I tre poteri e le riforme. Ripartire dalla persona

Libertà
Renato Farina

Al tavolo, insieme a Vittorio Feltri, Giorgio Vittadini e Gianni De Michelis. È necessario uscire da un clima rissoso dove la politica è ridotta a lotta sulla giustizia per un potere

Non c’è discorso più noioso di quello sulle riforme istituzionali. Facciamo il premierato forte o il cancellierato debole? Riscriviamo mezza costituzione o un tre quarti bastano?
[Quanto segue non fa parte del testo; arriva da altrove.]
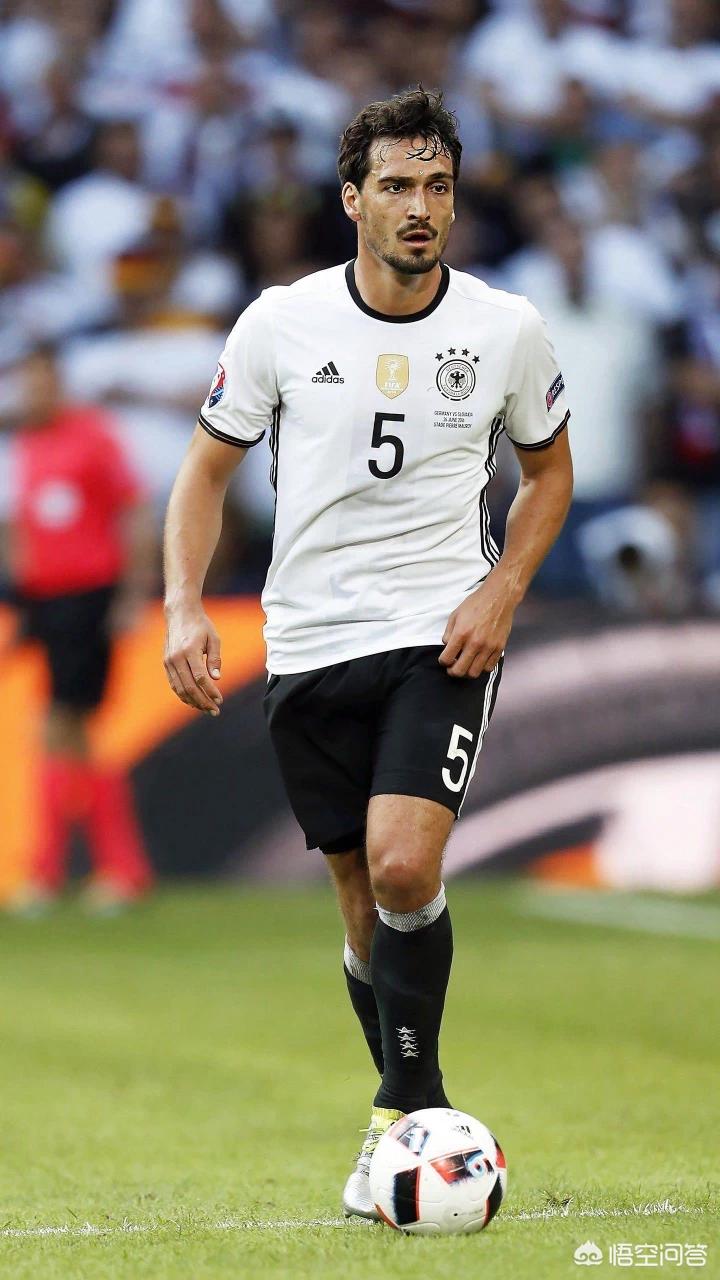 香港先后拘捕8人,香港先后拘捕8人案件 香港先后拘捕8人,香港先后拘捕8人案件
Dice Gianni De Michelis, oggi segretario del Nuovo Partito Socialista e già ministro degli Esteri: «Il fatto è che in politica - e da noi specialmente - le formule di revisione della Repubblica sono giochini pensati per dare maggior potere alla propria parte, non per favorire la partecipazione democratica alla politica». Così il ragionamento che presiede ai cambiamenti formali è sempre questo: mors tua vita mea. Al Meeting di Rimini ai discorsi sui massimi sistemi è stata tolta la maschera. Siamo scesi dall’empireo teorico sulla dura terra. Era ora. Prima delle carte e delle regole, occorre un’altra mossa. «Una regola che viene prima delle regole - spiega Giorgio Vittadini -. Un ideale personale, una gratuità per cui chiunque abbia potere lo autolimiti, usandolo perché anche l’altro possa esprimere il suo ideale. Altrimenti si finisce nella violenza». Il Meeting si è offerto come strumento per quest’impresa: un’esperienza di dialogo sincero, magari persino feroce, tra persone di opposti schieramenti o fuori degli schieramenti, obbedienti però a qualcosa d’altro che alla logica del proprio interesse.
Queste osservazioni vengono dopo aver seguito il forum che c’è stato su: “Quando i poteri erano tre, divisi”. Se non si elimina questa invasione di campo continua, non ci sarà mai una convivenza dove ci siano idee diverse sul modo di risolvere i problemi, ma ci si rispetti come uomini. Vittadini si è detto stufo di vedere la politica ridotta alla lotta sulla giustizia. Dove parte della magistratura e capi della sinistra vogliono far fuori Berlusconi, e Berlusconi a sua volta prova soltanto - comprensibilmente - a difendersi. Gianni De Michelis ha raccontato il paradosso italiano che porta, per via di magistrati, i comunisti al governo mentre in tutto il mondo sono cacciati fuori dalla storia. «Nel 1991 il Pds era finanziato dal Pcus. Ci sono documenti, consegnati e non utilizzati dalla Procura di Milano». Vittorio Feltri, il terzo dei relatori, direttore di Libero, ha ricordato come l’anomalia berlusconiana sia tale senz’altro, ma sia figlia di ben altre incongruenze: in fondo il Cavaliere è stato costretto a scendere in campo per impedire la madre di tutte le anomalie. La presa del potere della sinistra per via di eliminazione giudiziaria di tutti quanti non fossero con Occhetto e D’Alema. Ora per uscire da questo clima rissoso «conta la qualità delle persone più dei libroni rilegati in cuoio dove si seppelliscono riflessioni dotte. Craxi negli anni 80 incaricò il liberale Bozzi di presiedere una commissione di riforma: niente di fatto. Occorre ripartire da altro: da persone che si rispettino. Anche nella Costituzione europea. Più che frasi formali deve pesare la volontà di difendere la nostra identità dinanzi a chi la vuole spazzare via. Ne va della nostra pelle». Vittadini a proposito di Costituzione europea si è messo di traverso. «Non è questione di preambolo. Fa pena tutta. È proprio l’articolato che è mediocre, scritto in fretta, trascurando l’essenziale della cultura europea. Non c’è libertà di associazione, non c’è tutela della famiglia, non si prevede la sussidiarietà orizzontale. Rimandiamo la firma per l’Europa. Intanto in Italia più che scannarci sulle regole, cerchiamo di ragionare insieme su dove va il lavoro, la produzione, costruiamo le premesse per sviluppare le nostre imprese».